R. Aharon Lichtenstein, Varieties of Jewish Experience, pp. 251-252:
[W]e need to consider what has popularly become known as “the slippery slope”–the concern that acceptance of certain innovations, even if they are halakhically tenable, may invite pressures for further progressive change, resulting, incrementally, in the erosion of traditional sensibility or even outright halakhic violation. This issue has been raised most vigorously with respect to various initiatives concerning the role of women. Within the Torah world and the rabbinic establishment, response to these has been widely divergent. Some have contended that what the Shulhan Arukh does not proscribe could be regarded with favor. Others have rejected this premise as a general approach; and they have further resisted any innovation, particularly if fuelled by feminist ideology, on the grounds that it might lead to further demands or trigger a domino effect. And, there is, of course, a spectrum of intermediate responses. Here again, we need to maintain a dual watch. The concern about the slippery slope is, in principle, both legitimate and genuine. It is firmly rooted in Hazal, who anchored many gezerot upon it, as graphically illustrated in the Rambam’s explanation as to the basis of the prohibition against fowl cooked with milk [Mishneh Torah, Hilkhot Mamrim 2:9]…

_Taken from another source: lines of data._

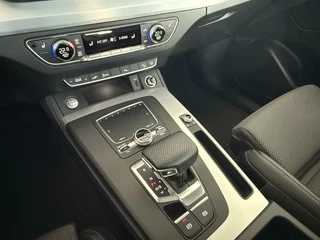 Audi Q5 Audi Q5 50 TFSI e quattro S edition met panodak - afbeelding nr 13
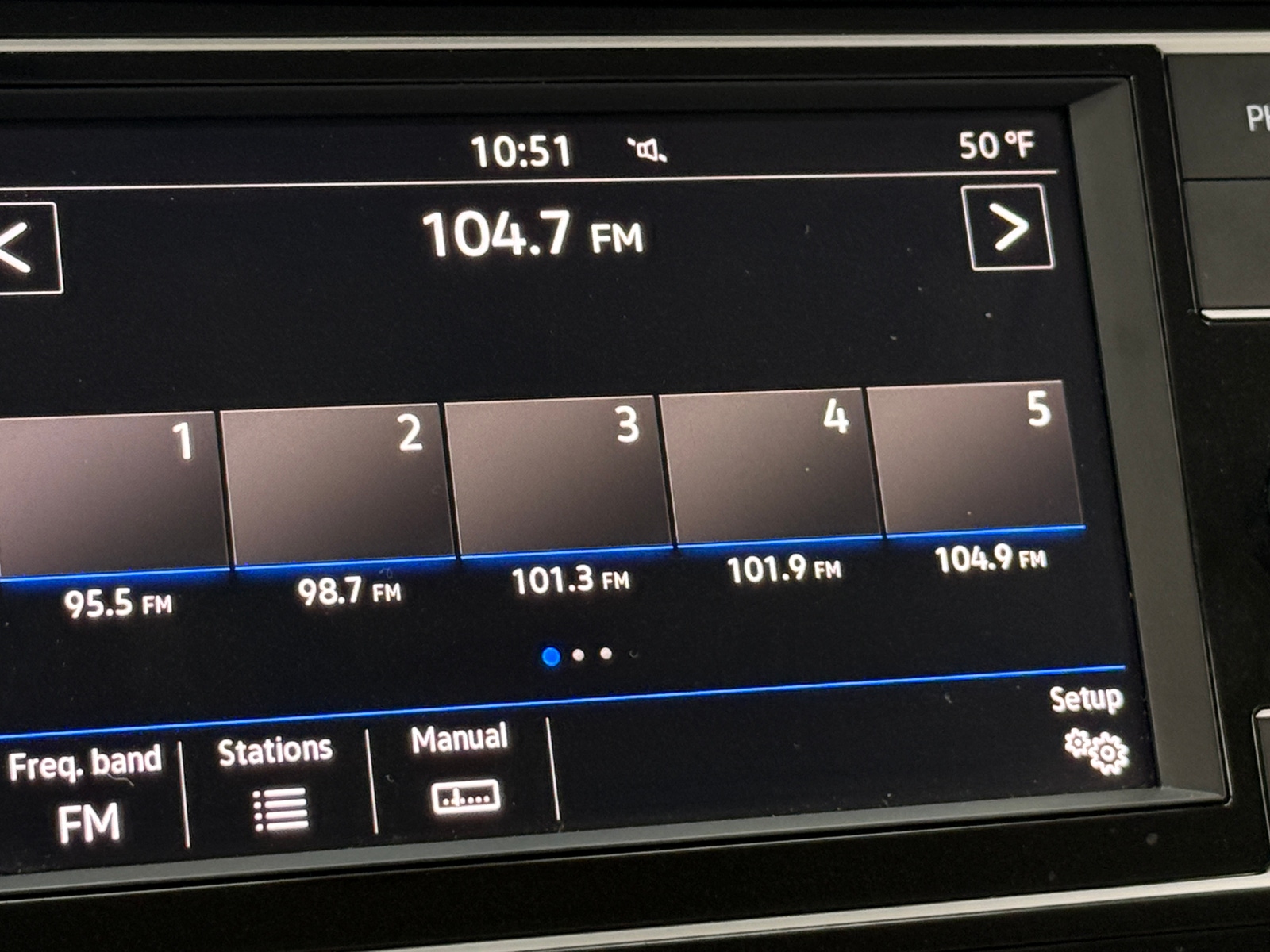 Thumbnail: 2019 Volkswagen Jetta - 4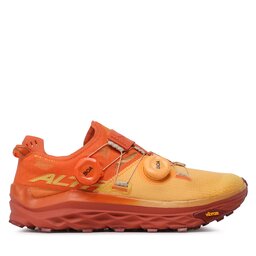 

Взуття Altra Mont Blanc Boa AL0A7R7D456-070 Golden Hour, Оранжевий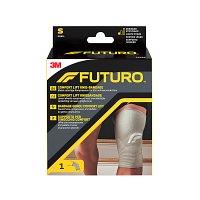 FUTURO Comfort KnieBand S - 1Stk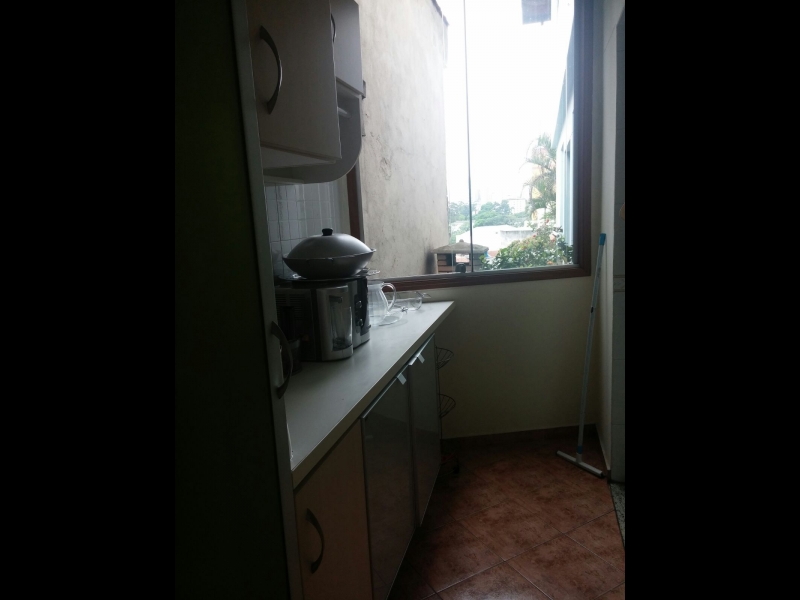 imóvel com 230m² - Jardim Santa Ines - São Paulo
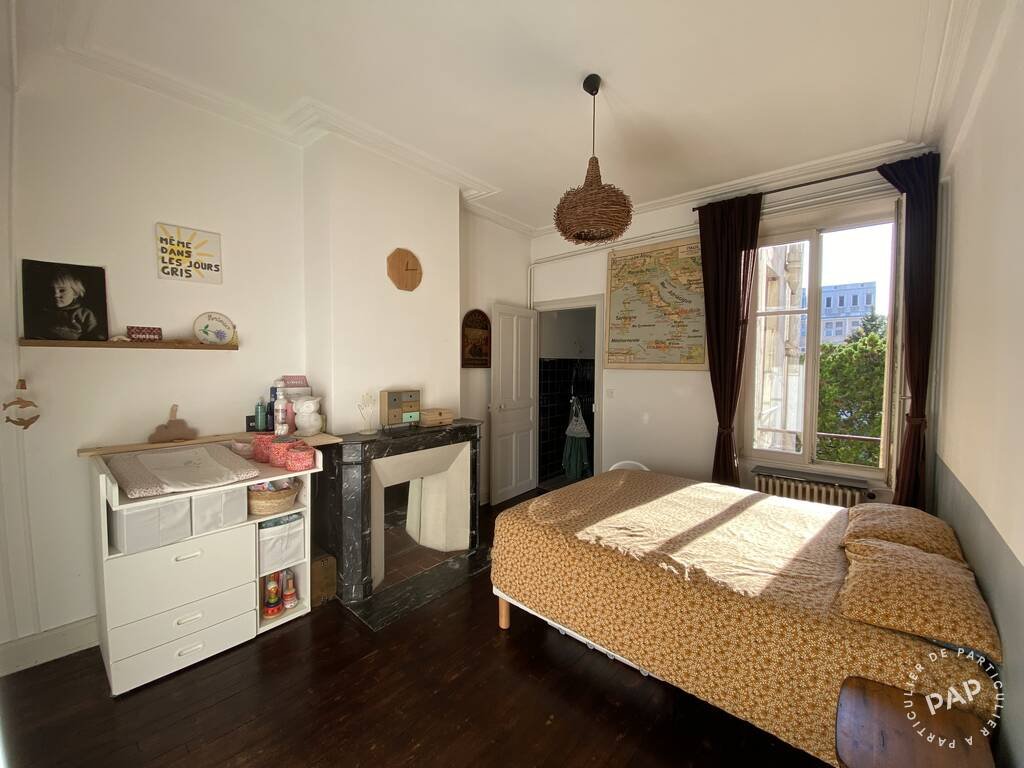 Appartement à vendre, 79m², Nancy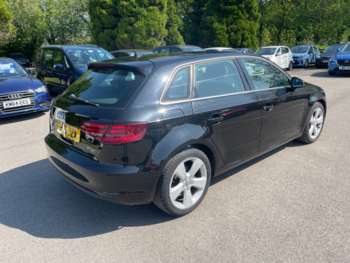 Used Audi A3 2015 for sale - 74500984: Photo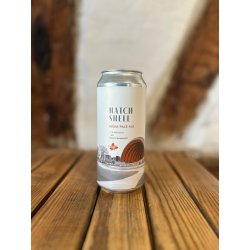 Trillium Brewing: Hatch Shell - Din ølhandler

In this case, one encounters outright de-oraita violation early in the chain. The principle is in force, however, even when that is not the case. Yet, in applying the principle, two factors need to be weighed. We shall have to evaluate, first, the likely course of events. How truly slippery is the slope? What innovation is likely, and how likely, to generate which kind of pressures? Second, we shall need to examine at what cost–whether in the form of possible alienation of certain constituencies or in the impairment or dilution of the quality of spiritual life–the presumed security of an ultra-conservative stance is being attained. This last factor will itself require dual consideration, as we strive both to perceive the prospects of various alternative scenarios on the ground and to determine how much weight to assign this particular concern.
As for myself, I presume that, with respect to both the women’s issues, specifically, and the fear of the slippery slope, generally, I find myself somewhere in the middle–enthusiastically supportive of some changes, resistant to others, and ambivalent about many; but I take it that this is not the venue for dealing with the details of various agendas.